Moreover, in the midst of the clues that another killer might be involved, this section also brings with it red herrings—obvious but ultimately deceptive facts—meant to mislead the reader. Kim questions what motive Calvin would have to kill his own children, but Kaiser’s flashback to Calvin’s sentencing offers an answer, as Calvin tells Kaiser, “People like me shouldn’t exist” (245). Given the book’s gestures toward the idea that criminality might be hereditary—e.g., descriptions of Emily’s violent behavior at age two—Calvin may have surmised that his offspring would become killers like him. His belief that people like him shouldn’t exist gives him a possible motive to kill them, keeping the reader in suspense. Moreover, the suggestion that Calvin’s children may have inherited his violent tendencies resonates with the novel’s themes, providing a symbolic illustration of The Enduring Trauma of Violent Crimes across generations. This also encourages the reader to interpret Calvin as speaking about his children and thus to accept him as the killer (though the killer’s actual identity also works in tandem with the theme).
Developments in Geo and Kaiser’s relationship in Part 4 are important to their character arcs. The effects of Kaiser’s epiphany regarding what happened to Geo in their junior year influence his arc more substantially in Part 5. In Part 4, however, he begins to recognize how his life will change now that he’s starting an actual relationship with Geo after being in love with her—and believing her forever out of his reach—for 22 years. His ability to find love has always been hindered by his inability to get over Geo: “Georgina is the woman he’s loved since he was fourteen, and nothing—no amount of years, distance, or criminal activity—can make that disappear” (246). His relationship with Kim, for example, was never fulfilling because he could never be fully invested. In fact, until recently, he was unsure if he was even “capable of really loving anyone anymore” (58). This inability to love represents the internal conflict he must overcome in his character arc. That he is deeply committed to Geo signifies his transformation.
As for Geo, seeing Andrew with his new wife and kids helps her recognize her own flaw when it comes to romance.

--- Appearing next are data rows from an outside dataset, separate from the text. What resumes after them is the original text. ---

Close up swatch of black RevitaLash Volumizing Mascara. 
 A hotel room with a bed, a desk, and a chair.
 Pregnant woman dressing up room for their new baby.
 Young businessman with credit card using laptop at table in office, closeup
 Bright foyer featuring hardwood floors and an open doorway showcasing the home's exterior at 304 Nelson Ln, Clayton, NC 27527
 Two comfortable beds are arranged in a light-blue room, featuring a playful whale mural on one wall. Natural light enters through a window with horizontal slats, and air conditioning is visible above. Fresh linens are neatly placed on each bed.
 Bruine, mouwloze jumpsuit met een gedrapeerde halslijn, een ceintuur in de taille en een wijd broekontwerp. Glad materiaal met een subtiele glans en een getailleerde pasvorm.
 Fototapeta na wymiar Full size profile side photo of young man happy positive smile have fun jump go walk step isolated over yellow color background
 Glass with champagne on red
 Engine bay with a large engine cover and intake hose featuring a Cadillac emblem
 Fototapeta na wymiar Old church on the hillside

She tells Kaiser, “[I]t made me realize that he wasn’t for me. That I was chasing the wrong thing. I’ve always chased the wrong thing” (182). This recognition allows her to see all that Kaiser has to offer, including the unconditional love and forgiveness she needs to work through The Psychological Weight of Guilt and Secrets and find happiness. Moreover, in his selflessness and compassion, Kaiser is Calvin’s virtual opposite. Having illustrated the effects of Manipulation and Control in Abusive Relationships, the novel thus sets up Kaiser and Geo’s relationship as an example of what a healthy partnership looks like.